→ **DATASET EXTRACT**:
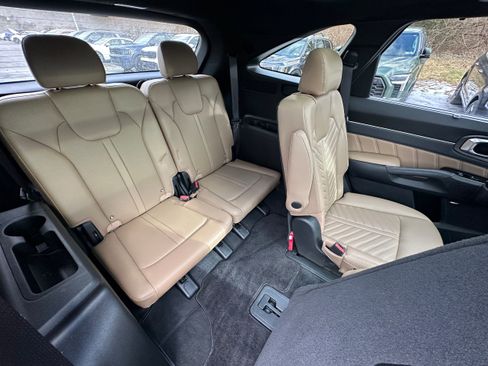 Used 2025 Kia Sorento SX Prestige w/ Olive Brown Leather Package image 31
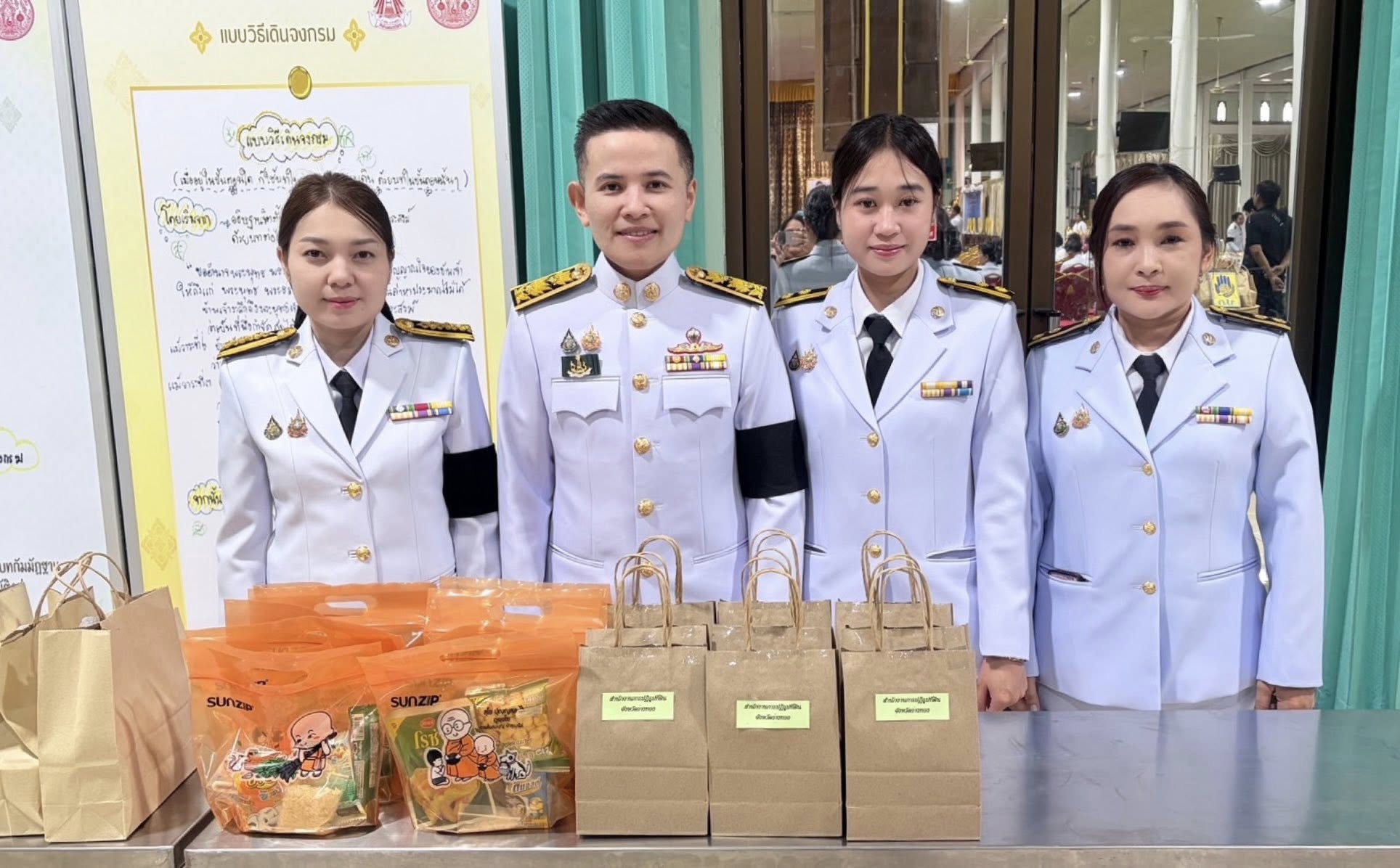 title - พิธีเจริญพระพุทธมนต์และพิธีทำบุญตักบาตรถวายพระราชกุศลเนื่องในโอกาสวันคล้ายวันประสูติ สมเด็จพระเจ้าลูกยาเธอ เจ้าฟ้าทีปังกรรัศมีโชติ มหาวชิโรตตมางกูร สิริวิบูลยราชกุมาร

---

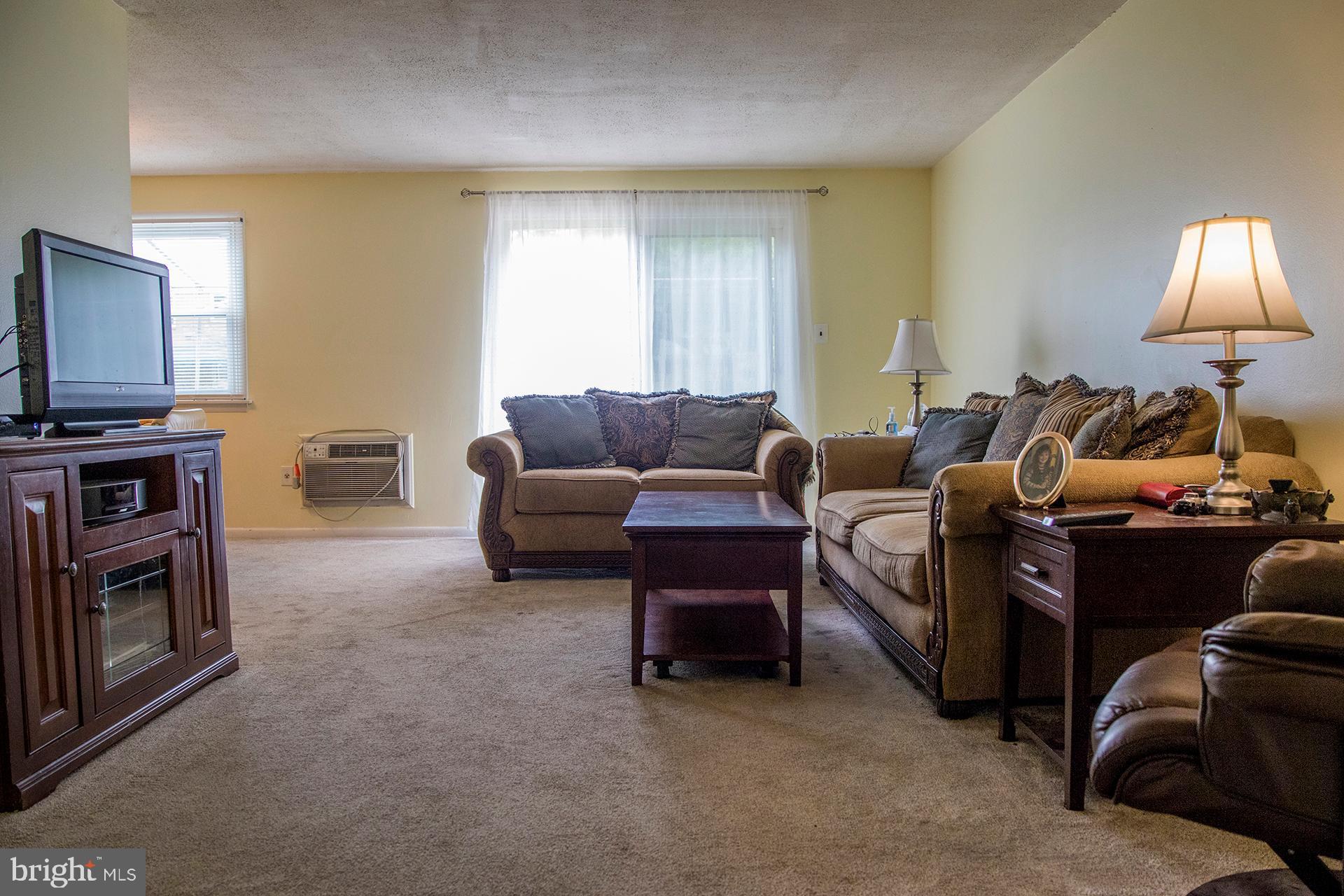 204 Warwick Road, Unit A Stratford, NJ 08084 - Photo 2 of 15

→ **EXERCISE REQUIREMENTS**: Starting at the line above that holds "Used 2025 Kia", return each line up to and including the one that holds "เจ้าฟ้าทีปังกรรัศมีโชติ มหาวชิโรตตมางกูร สิริวิบูลยราชกุมาร", exactly as written, minus any pictures.

→ **RESPONSE TO THE EXERCISE**:
 Used 2025 Kia Sorento SX Prestige w/ Olive Brown Leather Package image 31
 title - พิธีเจริญพระพุทธมนต์และพิธีทำบุญตักบาตรถวายพระราชกุศลเนื่องในโอกาสวันคล้ายวันประสูติ สมเด็จพระเจ้าลูกยาเธอ เจ้าฟ้าทีปังกรรัศมีโชติ มหาวชิโรตตมางกูร สิริวิบูลยราชกุมาร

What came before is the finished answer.